··· Information

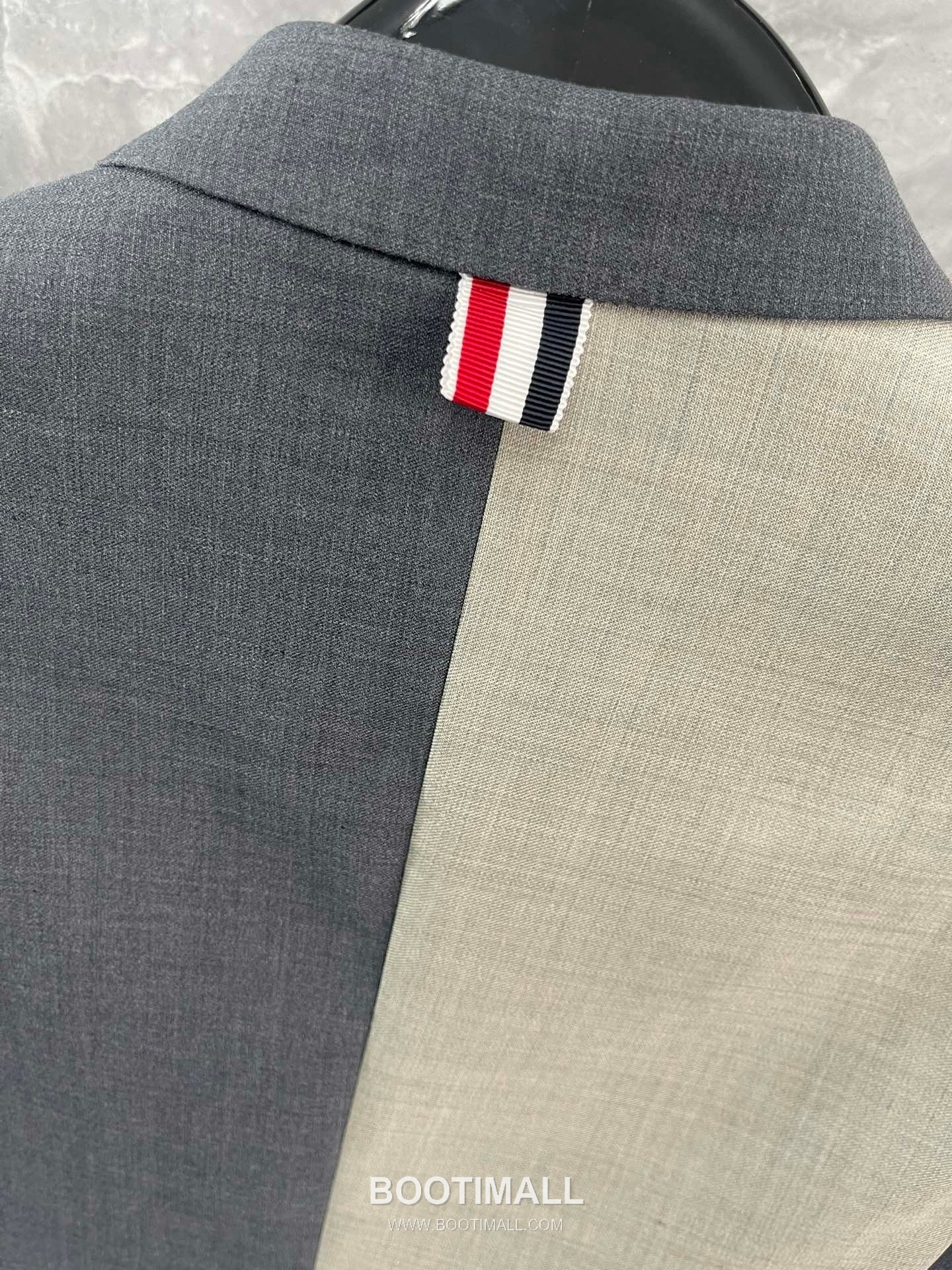 Thom Browne Wool Blazer Wool Black 톰브라운 울 블레이저 울 블랙 38, 40, 42, 44 17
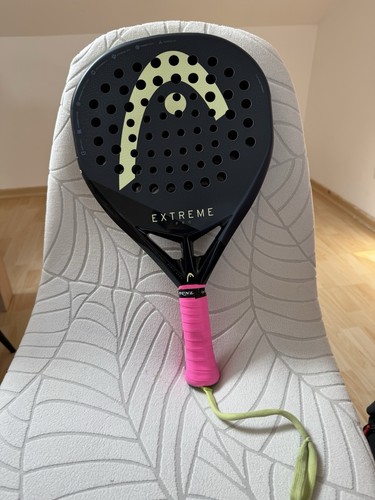 Head extreme pro - head,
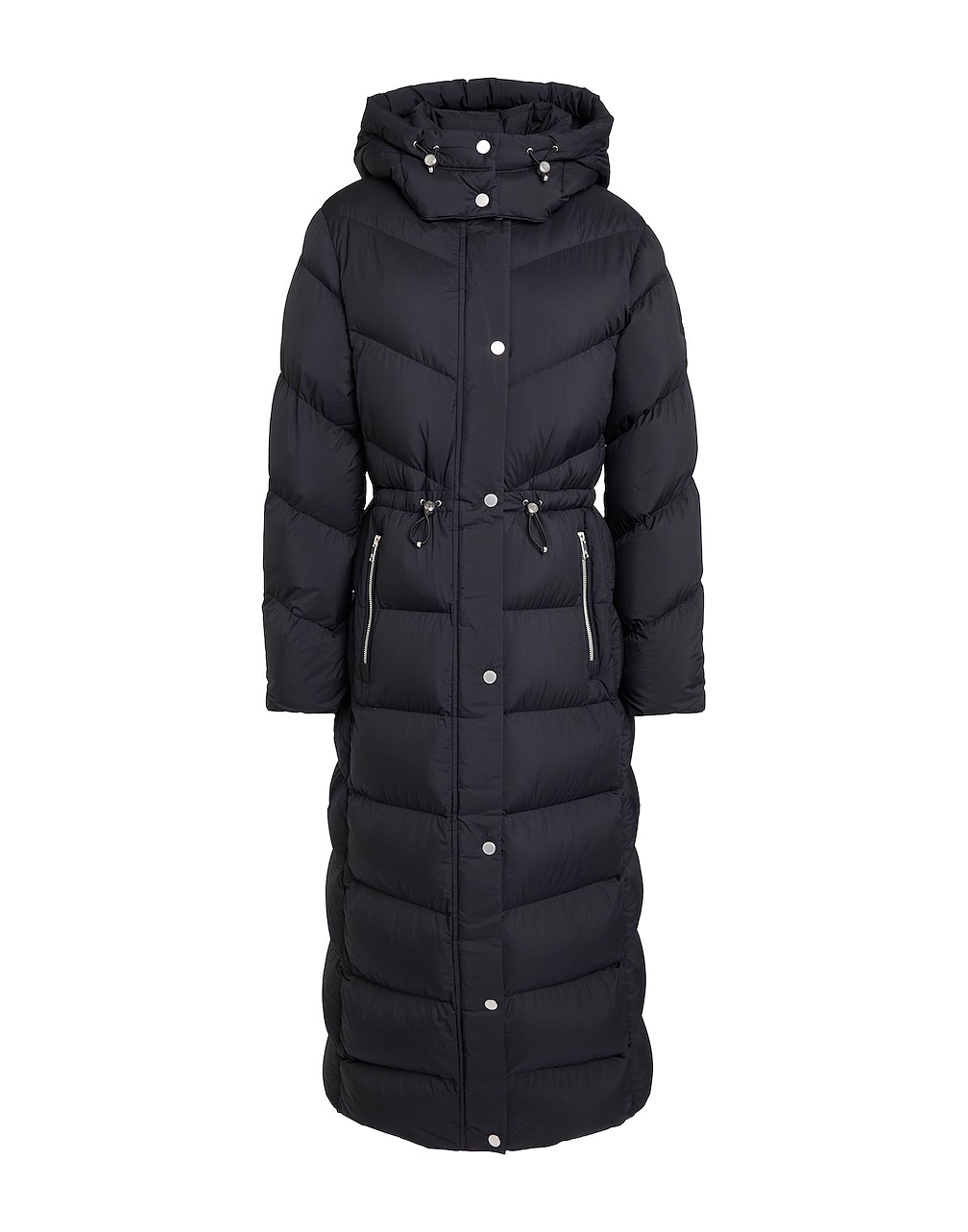 MOOSE KNUCKLES - Puffers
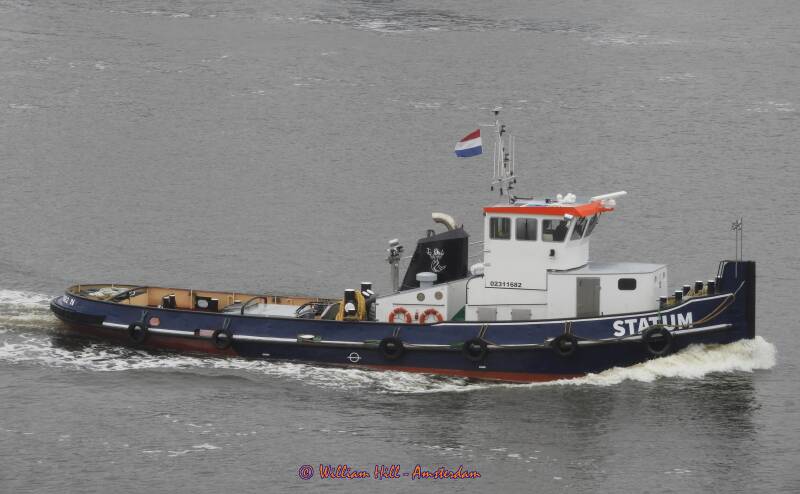 (14) tug STATUM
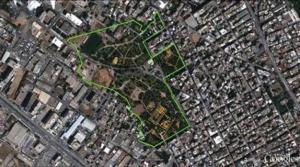 ΧΑΡΤΗΣ ΑΚΑΔΗΜΙΑΣ ΠΛΑΤΩΝΟΣ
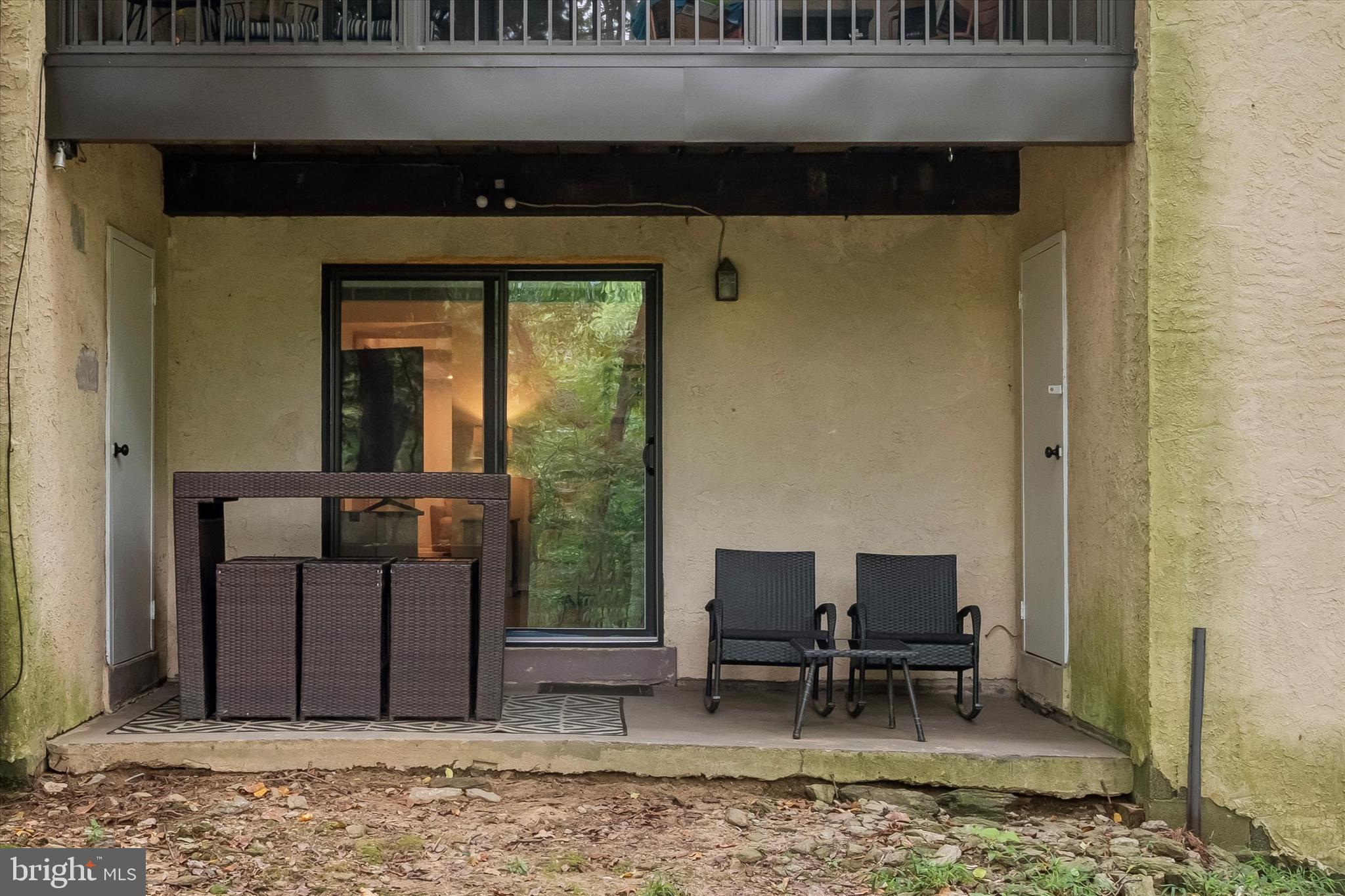 ROXBOROUGH - Residential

······

▸ **What you will do**
Repeat the data word for word, minus any pictures.

▸ **Exercise solution**
 Thom Browne Wool Blazer Wool Black 톰브라운 울 블레이저 울 블랙 38, 40, 42, 44 17
 Head extreme pro - head,
 MOOSE KNUCKLES - Puffers
 (14) tug STATUM
 ΧΑΡΤΗΣ ΑΚΑΔΗΜΙΑΣ ΠΛΑΤΩΝΟΣ
 ROXBOROUGH - Residential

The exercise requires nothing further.